In mid-March, the council gave $20 billion in aid to Oman and Bahrain for housing and infrastructure improvements to appease protesters. Days later, troops from the Emirates and Saudi Arabia backed Bahrain’s military crackdown on Shiite demonstrators demanding economic and political reforms. Then, this month, came outreach to Jordan and Morocco — two pro-Western, Sunni monarchies with a common interest in containing Shiite Iran.
The courting of Jordan is a sign of how much has changed in the region’s geopolitical arithmetic. While Morocco has never shown any particular interest in joining the Gulf club, Jordan applied twice, in the 1980s and in 1996, and was rejected, Mr. Alani said.
Taufiq Rahim, a visiting fellow at the Dubai School of Government, said: “There is greater uncertainty in the region and a lot of shifting alliances. The nature of the Arab league is changing.”
“Greater G.C.C. integration will lead to a more united front in terms of foreign policy in the region,” he added.
Analysts say the turning point came when Saudi Arabia and its Gulf neighbors saw how the United States dealt with the fall of the Egyptian regime.
Shadi Hamid, director of research at the Brookings Doha Center and a fellow at the Saban Center for Middle East Policy in Washington, said: “The Saudis worried that if the U.S. was able to turn its back on one of its closest allies in the region when former President Hosni Mubarak left, will they do it again if unrest erupts somewhere else in the region? Who will they throw under the bus next?”
Mr. Hamid noted that Jordan and Morocco have been close to Washington. In 2007, Morocco signed a $697.5 million poverty reduction accord with the United States. Jordan is one of the highest per capita recipients of U.S. foreign aid, Mr. Hamid said, adding, “These two countries have been receiving a lot of money from the United States, and now Saudi Arabia wants to peel them off.”
Mr. Hamid also points out that Jordan has one of the best-trained military and intelligence units in the region.
Emile Hokayem, senior fellow for regional security at the International Institute for Strategic Studies in Bahrain, added that the United Arab Emirates and Saudi Arabia moved some police and army training facilities from Egypt to Jordan in mid-May.
Ms.
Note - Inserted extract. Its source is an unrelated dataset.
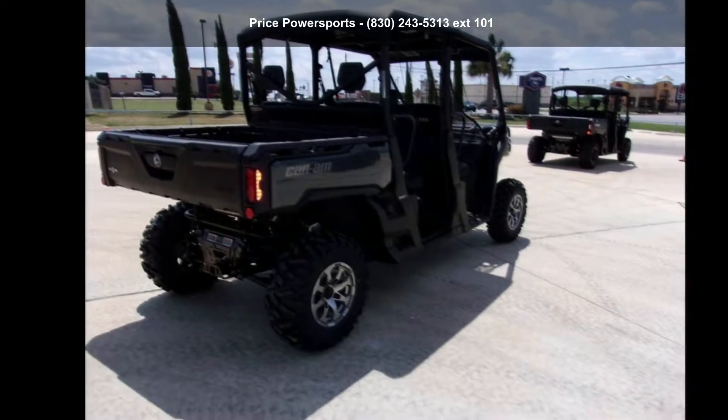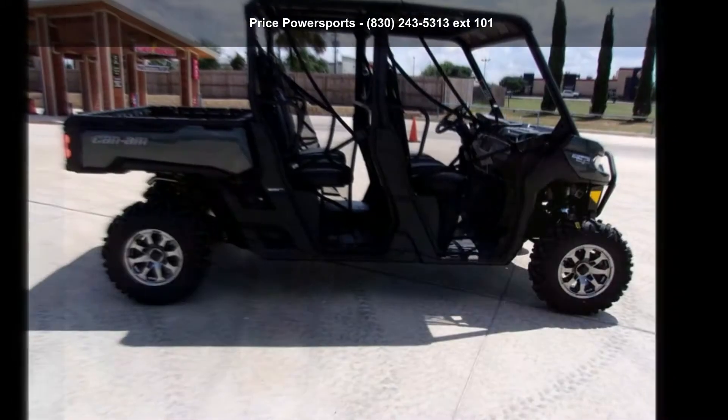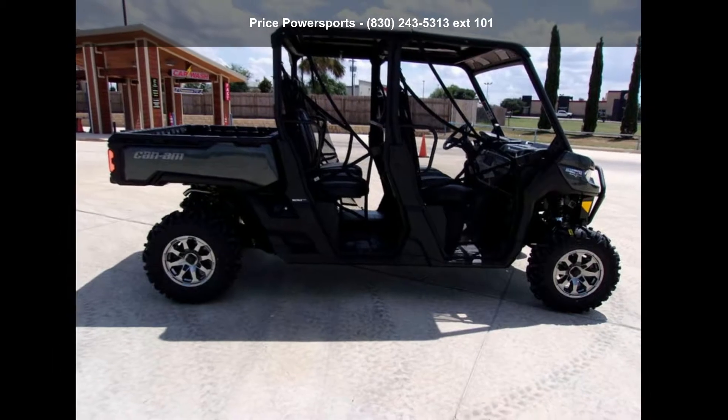Call now to ask the dealer about this unit. We are sure to have a quality ATV that fits your needs.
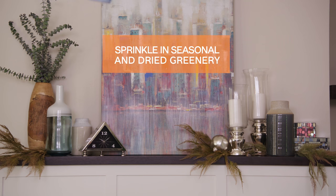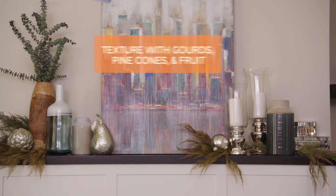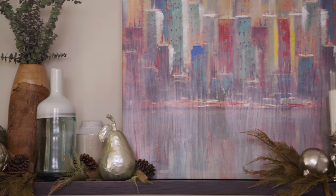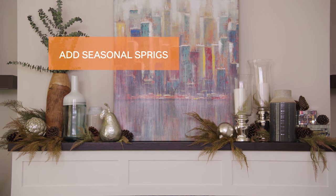Sprinkle in some seasonal and dried greenery. Add texture with gourds, pine cones, and some fruit. Swap out your existing floral and add some seasonal sprigs. Now that's a fall mantle masterpiece.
Sabavala, the economist, said, “The message is that the G.C.C. is looking to diversify its defense allies and perhaps reduce dependence on the West.”
Meanwhile, membership in the Gulf group could bring Jordan and Morocco not just access to alternative aid flows, but also improved trade and employment opportunities — important benefits for countries facing big youth unemployed challenges, said Mhemet Biygautane, a research associate at the Dubai School of Government.
In market-building terms, Jordanian and Moroccan accession to the G.C.C. would double the bloc’s total population, he added. Still, he and other analysts cautioned that there is no solid timeline in place for the two countries to join the club and that the precise scope of any membership deal has not been defined.
“Is it a full membership with privileges of open borders and free movement of people and goods, or will it solely cover selected areas like security and trade?” Mr. Biygautane asked. “So far, we have not heard any specific hints from the G.C.C. regarding the terms of membership.”
Celebrating its 30th anniversary this year, the G.C.C. was founded to foster economic integration among Gulf states. Yet plans for a G.C.C. customs union and common market, proposed in 2007, have made little progress, while the most recent of several target dates for a G.C.C. monetary union passed virtually unnoticed at the end of 2010.
“We shouldn’t take for granted that this G.C.C. integration will definitely happen,” said Mr. Hokayem, the regional security specialist. “This is about putting Egypt, the U.S. and Iran on their toes and sending them a message.”
The invitation to Jordan and Morocco “makes it seem as if the G.C.C. is primarily a political or security body,” he added. “That’s fine, but it raises a lot of questions about common foreign policies for countries dealing with different regional and cultural issues.”